Aim of the task: Beginning with the line containing "บาดแผลถูกแทง" and ending with the line containing "รอบสิ่งที่หักค", write out each line of the records below exactly; pictures and lines outside that range are left out.

Exercise data:
####

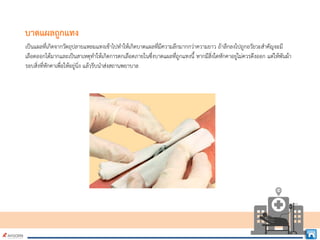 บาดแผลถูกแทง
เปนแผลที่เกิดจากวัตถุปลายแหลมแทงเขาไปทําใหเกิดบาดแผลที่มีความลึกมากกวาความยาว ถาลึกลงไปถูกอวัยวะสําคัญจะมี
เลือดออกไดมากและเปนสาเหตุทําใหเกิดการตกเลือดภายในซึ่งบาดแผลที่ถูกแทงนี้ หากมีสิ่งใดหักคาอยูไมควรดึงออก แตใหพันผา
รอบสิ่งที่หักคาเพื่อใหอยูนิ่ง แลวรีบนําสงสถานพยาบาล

####

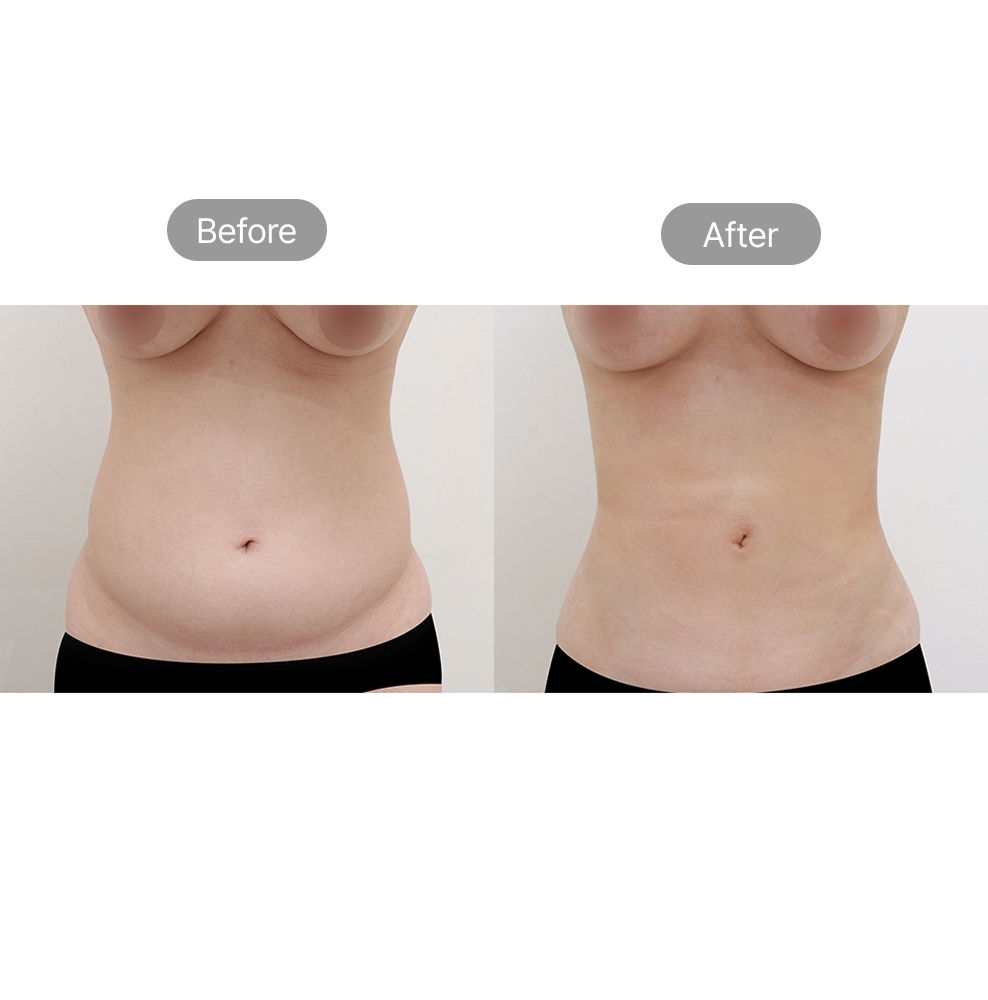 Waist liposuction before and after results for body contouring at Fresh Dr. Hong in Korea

####

Exercise solution:
 บาดแผลถูกแทง
เปนแผลที่เกิดจากวัตถุปลายแหลมแทงเขาไปทําใหเกิดบาดแผลที่มีความลึกมากกวาความยาว ถาลึกลงไปถูกอวัยวะสําคัญจะมี
เลือดออกไดมากและเปนสาเหตุทําใหเกิดการตกเลือดภายในซึ่งบาดแผลที่ถูกแทงนี้ หากมีสิ่งใดหักคาอยูไมควรดึงออก แตใหพันผา
รอบสิ่งที่หักคาเพื่อใหอยูนิ่ง แลวรีบนําสงสถานพยาบาล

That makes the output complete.